Speaking about the guidelines about refugees in general, Ian said: “I don’t want to come to a position where there are good refugees and bad refugees; there are refugees or there are not, is not about good and bad.”

Wednesday, May 19, 2010


Short courses in finance and banking
(Published in The Canadian Newcomer)
By Sergio Granillo

One of the main concerns when you come to Canada is to get your credentials recognized, to make valid your University degree and your professional experience. It is hard to accept that, at least for a while, you have to start a new career.

And the fact of thinking of developing new skills in a different professional area makes a big difference between getting a ‘survival job’ –and staying there for a long time- and making that job a new career path.

This is about my personal experience. I have a degree in Communications, more than 15 years working in marketing, public relations and journalism. Shortly after my arrival, I approached to some orientation centres and workshops to learn how to make a resume according to the Canadian workplace.

Networking, a word new to me, came across in this workshop; a very useful tactic to get a job and to move up in the workplace.
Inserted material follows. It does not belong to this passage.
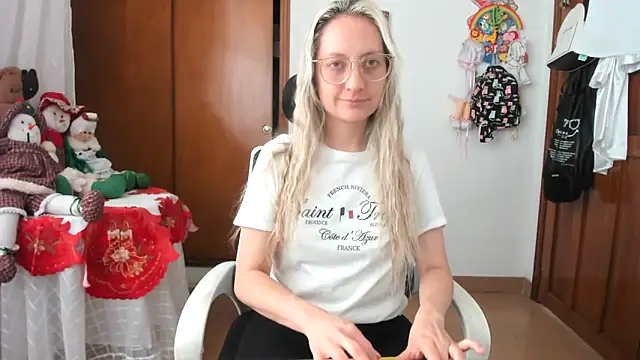 Adele johnsonn1 online show from 3, 12, 2025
Luckily, I started my networking among the other newcomers in the group and attended to different orientation conferences.
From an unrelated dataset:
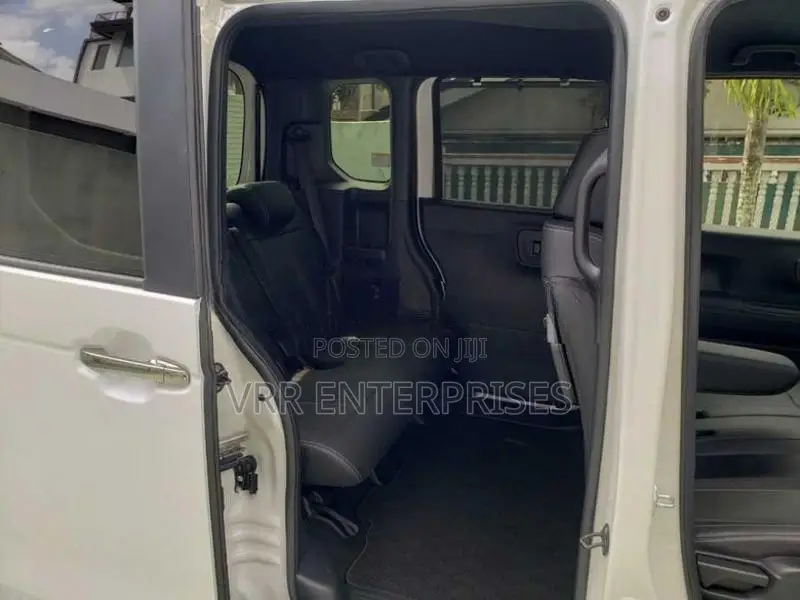 Honda N-Box 2024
It was November 2005, in a motivational conference in Toronto Region Immigrant Employment Council (TRIEC) that I met Stella Mejia, she worked for another organization created to advise immigrants, COSTI.
Originally known as Centro Organizzativo Scuole Tecniche Italiane (COSTI), is now COSTI Immigrant Services a multicultural agency that helps immigrants in the Greater Toronto Area.
I explained Stella that I had found a ‘survival job’ in a bank as a teller and that it made me feel frustrated. She gave me a peace of advice: ‘If you can access training programs in that job, take them, doesn’t matter that it is not related to your background. It’s like a free university!’
It is not easy to accept. But you learn how important that mindset can be. So, I was trained first as a teller, and then I kept learning all I could, as I saw the time passing by and didn’t find a job in my career.
Anyhow, in the same meeting I got connected to a group of newcomers, all of them with a background in Marketing and Communications, who had created a group called CAMP, where people new to Canada met to join efforts trying to break in that industry.
This way, I tackled two areas in my life, pay the bills working as a teller, but preserved my long term goal, getting a job in Communications.
If you can not find that ‘dream job’, you need to find the way of not getting stock in a sort of comfort zone and assess the possibility of growing in a new career path.
And here comes another piece of advice I got:
“Forget about your degree, it is no going to open the doors here; in this company you need to have a licence to sell mutual funds, that course will open doors”.
Luis Flores, a Mexican investment advisor in the bank, told me so. He studied in the same private university that I attended to.
The fist thing I thought was, I am not giving up my search or rip off my diploma. It is hard to take, but what he told me was true.
Even my idea of moving up in the financial industry was not becoming an account manager, position where this licence is required. Later I realized that you need that accreditation to get better jobs in the bank.
The Canadian Securities Institute (CSI) offers these courses. The basic ones are the Canadian Securities Course (CSC) and the Investment Funds in Canada (IFC). The cost is $ 995.00 and $ 350.00, respectively. They are self-study courses, so you can organize your study time. Within a year, you cab book the date to present the exam. If you succeed, then you get your licence, which is valid for a couple of years.
I have lost the opportunity to get better jobs because I didn’t have any of these courses. Finally, decided to enrol in one of them and I realized that they are providing me with a better understanding of the industry where I am on. It can give me tools to build up a new career. And I have been able to transfer some of my previous experience and skills to enhance my performance and thrive for better opportunities.